EU says war on Somali pirates not over

GOTEBORG, Sweden – Hulking gray naval frigates fanned out across the Gulf of Aden have combined with monsoon storms to sharply reduce pirate attacks in the world's busiest shipping lanes in recent weeks.
But the commanding officer of the European Union armada warned Tuesday that it is too early to declare victory over heavily armed Somali pirates in tiny, fast-moving skiffs.
"This is not a thing where we can say 'job done,'" Rear Admiral Peter Hudson said on the sidelines of an EU defense ministers' meeting.
Hudson's warning came as EU officials hailed their anti-piracy flotilla as a resounding success, saying it has helped shepherd hundreds of thousands of tons of World Food Program aid to starving Somalis and foiled 100 pirate attacks since it began patrolling the Gulf nine months ago.
The EU is joined patrolling the region by the United States, which has been at the forefront of fighting piracy, and NATO, Japan, South Korea, and China.
On Saturday, Turkish marines operating under NATO command captured seven pirates before they could attack two Panamanian-flagged freighters.
Earlier this year, U.S. Navy snipers from the USS Bainbridge killed three Somali pirates holding hostage the American captain of the Maersk Alabama cargo ship, which had been captured April 8 off Somalia.
And just a month ago, pirates opened fire at a helicopter from the American guided missile cruiser USS Chancellorsville as it flew over a Taiwanese ship being held hostage near the Somali port of Hobyo.
The EU mission, originally slated to last one year, has been extended by a further 12 months to end in December 2010.
Dutch Defense Minister Eimert van Middelkoop visited the Dutch ship currently commanding the EU fleet over the weekend and also praised the naval effort, which helps protect an estimated 35,000 merchant ships that ply the Gulf each year.
But Van Middelkoop cautioned that some merchant ships continue to try to slip through the pirate-infested waters unprotected rather than wait to join a convoy with naval escort, figuring that any delay in delivering their freight will cost them money.
"We can't be responsible for them," Van Middelkoop said. "I would appeal to them: Please don't do it, it is much more responsible to take a certain financial loss and arrive safely than risk being hijacked."
Piracy in the Gulf of Aden soared as the rule of law crumbled in Somalia and organized criminal gangs ramped up the lucrative business of holding ships, their crews and cargos to ransom.
Choppy seas whipped up by monsoon storms largely confine the small skiffs to their home ports during the summer months, but Hudson said that the monsoon season is nearly finished and with it will end the lull in pirate attacks.
"So it's not victory — far from it — but we've had a good period of weather that has been supportive of us," he said. "The weather is now back on the side of the pirates and I would expect to see activity increase."
There have been 169 pirate attacks reported off the Horn of Africa this year, including 35 successful hijackings, according to Risk Intelligence, a Danish-based maritime security firm that has tracked pirate attacks off the Horn of Africa since 2004. In all of 2008 there were 46 hijackings in 141 attempts, said Hans Tino Hansen, the company's director.
He said that since May there have only been 37 attacks, five of them successful. "The EU has done a great job, but the recent dive has mostly been due to weather conditions," Hansen said.
EU defense ministers meeting in this Swedish port city of Goteborg on Tuesday said they would look into training Somali security forces in either Djibouti or Uganda as a way of boosting the bloc's eight-ship anti-piracy flotilla. France already is running a training camp in Djibouti.

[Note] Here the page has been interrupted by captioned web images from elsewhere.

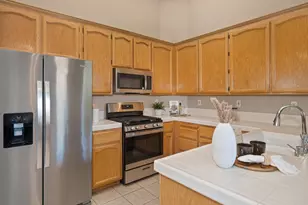 325 Leckenby Way, Folsom, CA 95630 - Photo 19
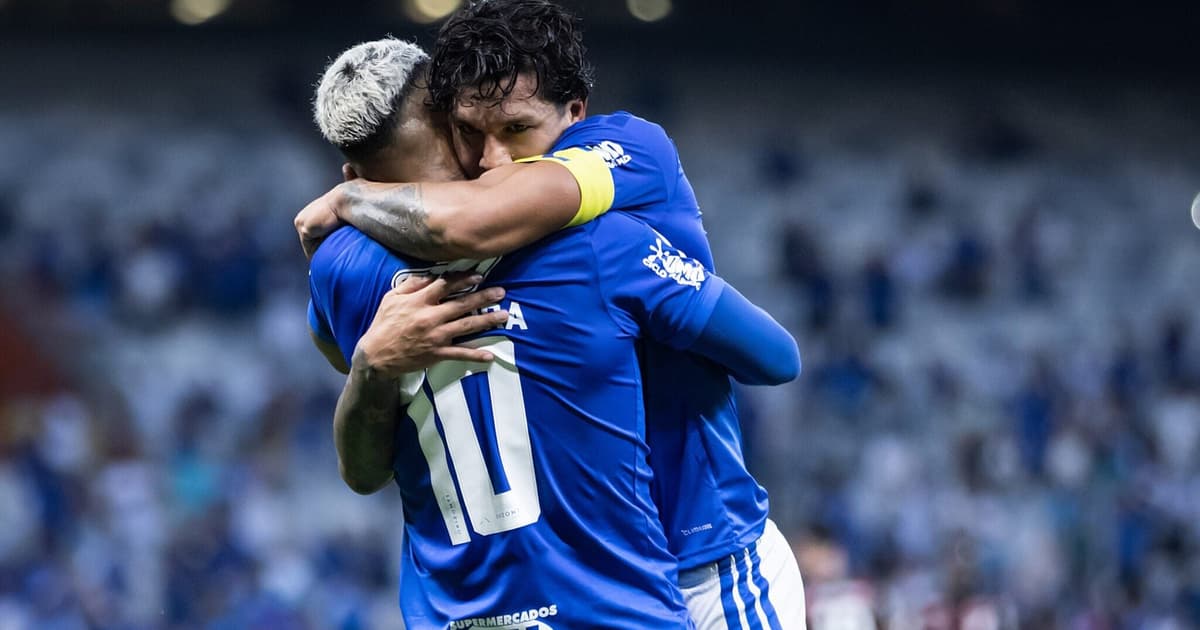 Cruzeiro bate o Athletico-PR por 3 a 1 num Mineirão que protestou antes de comemorar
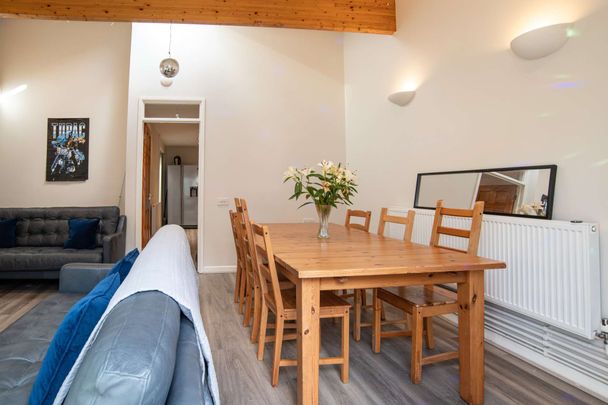 Modern 6-bedroom Coburn Street house - Photo 1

"Piracy is not going to be solved at sea alone," Hudson said. "The solution to piracy ... rests in Somalia."

What to do with captured pirates remains a vexing issue among the world's navies. Many have been transported to Kenya for trial, and the Dutch — who are prosecuting five pirates captured by a Danish ship — are keen to have an international piracy tribunal in the country.

Hudson said the EU also is close to finalizing a deal with the Seychelles for that country to take custody of captured pirates. Even so, some pirates just have their weapons and equipment destroyed and are then released back onto dry land in Somalia.

Part of the success of the EU mission is its cooperation with other navies, Hudson said.

European commanders swap information with other ships to ensure the best possible coverage of the vast area and alert one another to attacks.

"Exchanging tactical information with the (Chinese navy), is not something we expected to be doing a year ago," Hudson said. "But we are now doing it and China is involved in our secure chat rooms, we exchange tactical information."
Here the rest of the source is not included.